Government has a very easy measure of good management -- are we stuck with the same people for years? The Washington Times article gives the stats. My conclusion: we are stuck with the same old Foreign Service. Why is this a problem?

Look at any private enterprise and compare. In private enterprise you can look at the system and you will find that the staff changes. Some due to death (yes, foreign service officers do die, this and sickness are about the only similarities), some due to better business offers at other companies for promotion or money or location, some due to the desire to create another new enterprise, some due to firing for incompetence or misconduct or incongruity with the new management. I have not studied enterprise in a systematic manner but I would suggest that the Washington Times is slightly off in comparison. I would bet ththat very few terminations can be explicitly identified as incompetence. Most of those terminations are by forced resignation to "spend more time with my family" or to "pursue other opportunities." Yet the numbers departing are probably far higher than in government service.

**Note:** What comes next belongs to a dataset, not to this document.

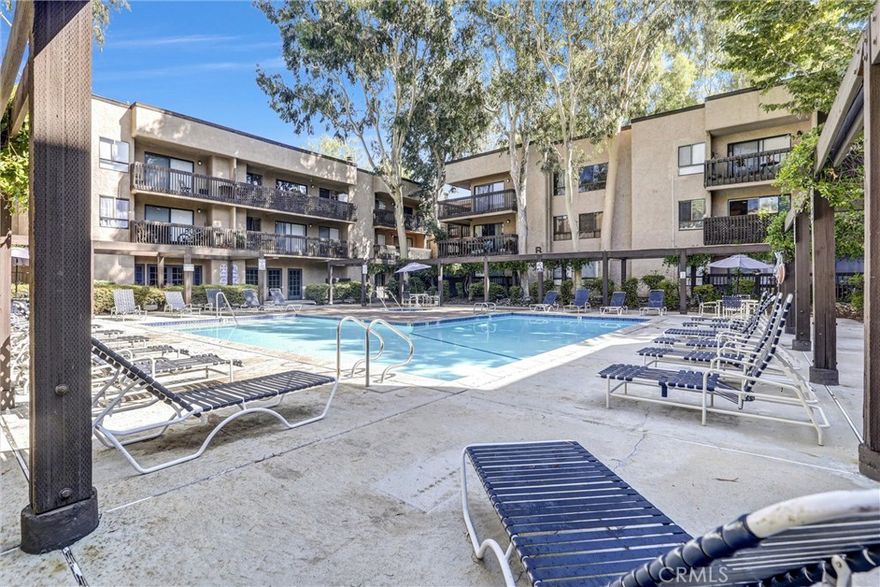 Welcome to this ideally located, upgraded ground-floor unit in a sought-after gated community—perfectly positioned just steps from the building entrance, exit, and all on-site amenities. This move-in-ready condo offers the ultimate in convenience and comfort, with seamless access to the pool, spa, gym, and recreation area, as well as 24-hour security for peace of mind. 



Inside, enjoy recent upgrades including beautiful granite countertops in both the kitchen and bathroom, and mirrored closet doors that enhance the space with added light and functionality. The spacious layout flows effortlessly to a large private patio, ideal for relaxing or entertaining.



Centrally located near Topanga Canyon Blvd and Ventura Blvd, you’re within walking distance to Woodland Hills Park, public transportation, The Westfield Mall, The Village, grocery stores, and a variety of dining—from quick bites to fine cuisine. Commuters will love the easy access to major freeways.



Additional highlights include two assigned parking spaces (#641 & #642) and ample guest parking for visitors. Whether you're a first-time buyer or looking for a prime investment, this property offers location, lifestyle, and value in one.



Don't miss this opportunity to own in one of Woodland Hills' most convenient communities.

The biggest causes of change in personnel are that new management usually wants to seed the system with its own men and women. This seeding process is what is missing in the Foreign Service.

When a new president is elected, too few persons are appointed that want to carry out his agenda and too few can be terminated simply because they are not the new management's men.

This continuity of personnel is not healthy. The Foreign Service and the Civil Service need to have some risk of losing jobs when administrations change so that the president can more quickly and efficiently implement his agenda.

The problem is that the government is run by mostly members of the Civil Service who happen to be members of the largest union in the country, the federal government employee union. Who do you think they vote for and support? Easy, Democrats. Who do you think is going to fight to keep their personnel in place?

The Democrats don't need patronage. They already own the government. And you want to know why government does not work well whether in the Foreign Service or the Civil Service. We need a new system that has greater likelihood of change with new administrations. The greater the change in management, the better the result. Let the clerical and non-decision-makers stay, but be more at risk to termination and management change alone will be effective.